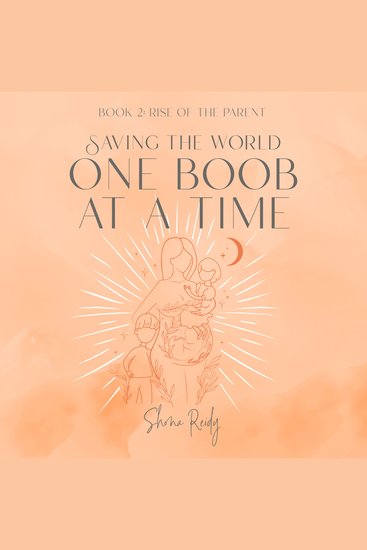 Saving the World One Boob at a Time - Rise of the parent - cover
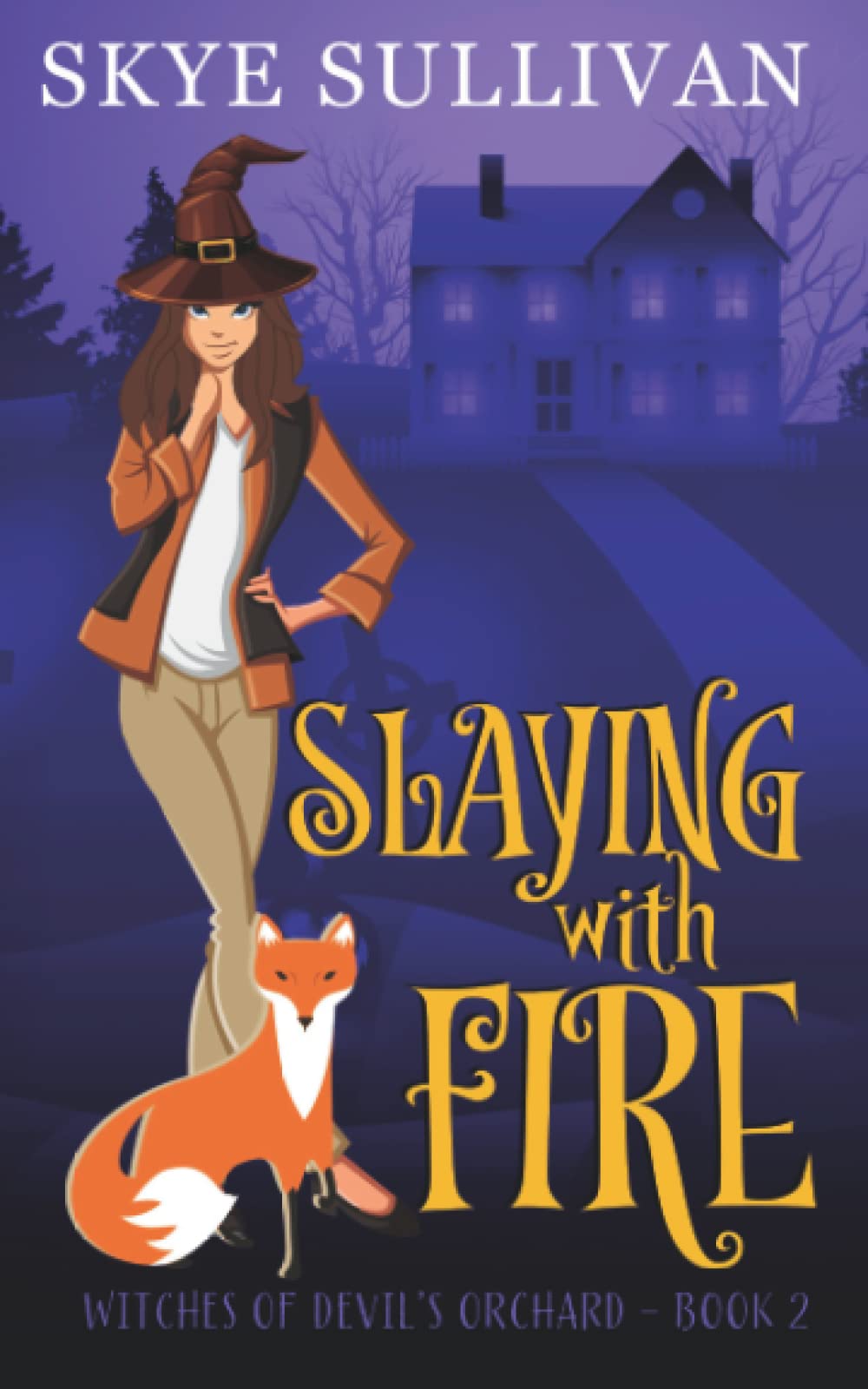 Slaying With Fire: A Paranormal Cozy Mystery (Witches of Devil's Orchard Book 2)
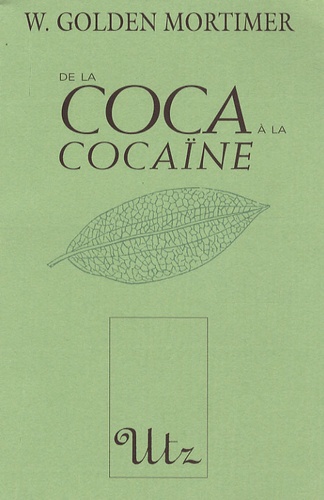 W. Golden Mortimer - De la coca à la cocaïne.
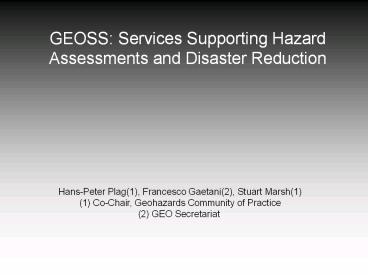 GEOSS: Services Supporting Hazard Assessments and Disaster Reduction
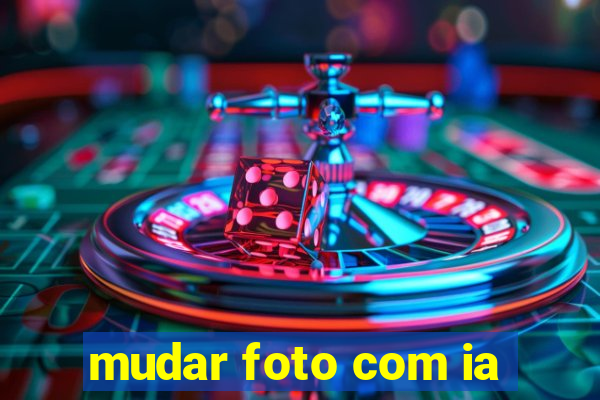 mudar foto com ia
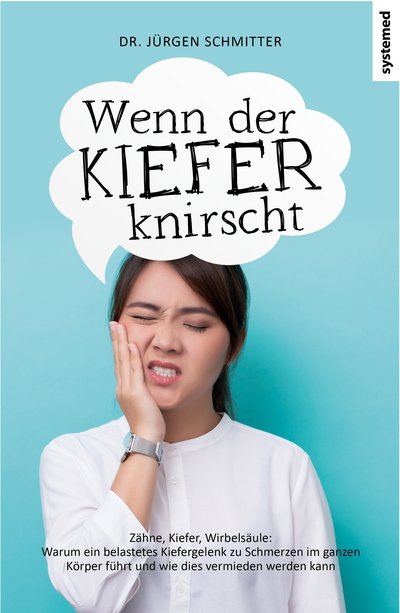 Wenn der Kiefer knirscht - Zähne, Kiefer, Wirbelsäule: Warum ein belastetes Kiefergelenk zu Schmerzen im ganzen Körper führt und wie dies vermieden werden kann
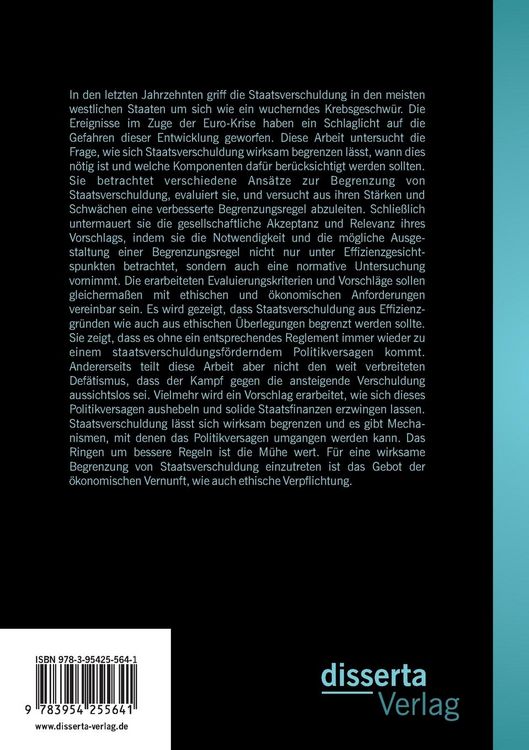 Produktbild: Wirksame Begrenzung von Staatsverschuldung: Unter Ber&uuml;cksichtigung (polit-)&ouml;konomischer und ethischer Aspekte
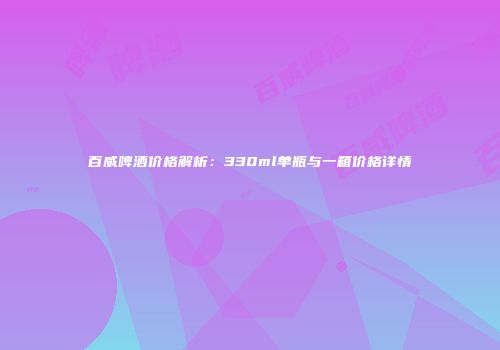 百威啤酒价格解析：330ml单瓶与一箱价格详情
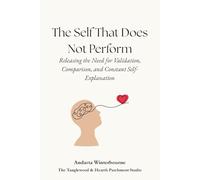 The Self That Does Not Perform: Releasing the Need for Validation, Comparison, and Constant Self-Explanation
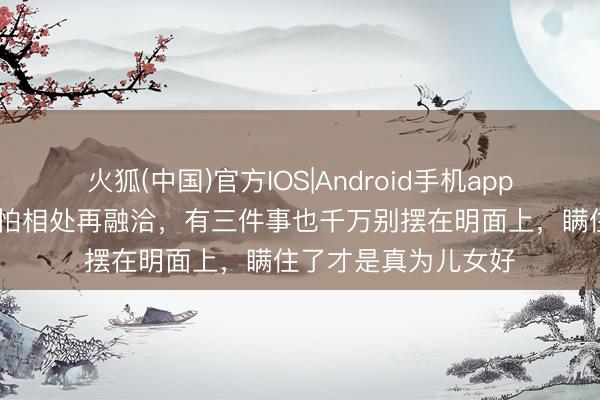 火狐(中国)官方IOS|Android手机app下载 两家联婚,哪怕相处再融洽,有三件事也千万别摆在明面上,瞒住了才是真为儿女好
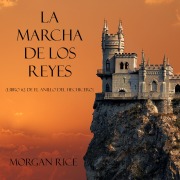 Cover-Bild zum Titel 'La Marcha De Los Reyes (Libro #2 De El Anillo Del Hechicero)' von 'Morgan Rice'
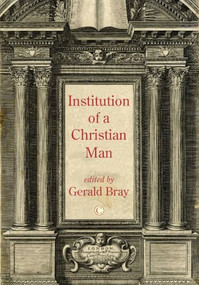 Institution of a Christian Man by Gerald Bray, 9780227176689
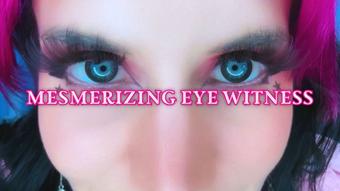 Mesmerizing Eye Witness (Starry Yume)
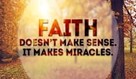Faith Makes Miracles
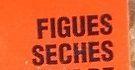 Figues Sches Ingredients
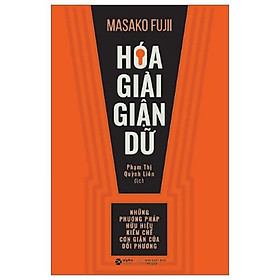 Hoá Giải Giận Dữ (Tái Bản 2023)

════════════════════

### Directions for this task
Transcribe exactly the line that contains "百威啤酒价格解析：330ml单瓶与一箱价格详情" and each line after it through the end of the listing. Leave out the pictures.

### Response below
 百威啤酒价格解析：330ml单瓶与一箱价格详情
 The Self That Does Not Perform: Releasing the Need for Validation, Comparison, and Constant Self-Explanation
 火狐(中国)官方IOS|Android手机app下载 两家联婚,哪怕相处再融洽,有三件事也千万别摆在明面上,瞒住了才是真为儿女好
 Cover-Bild zum Titel 'La Marcha De Los Reyes (Libro #2 De El Anillo Del Hechicero)' von 'Morgan Rice'
 Institution of a Christian Man by Gerald Bray, 9780227176689
 Mesmerizing Eye Witness (Starry Yume)
Faith Makes Miracles
 Figues Sches Ingredients
 Hoá Giải Giận Dữ (Tái Bản 2023)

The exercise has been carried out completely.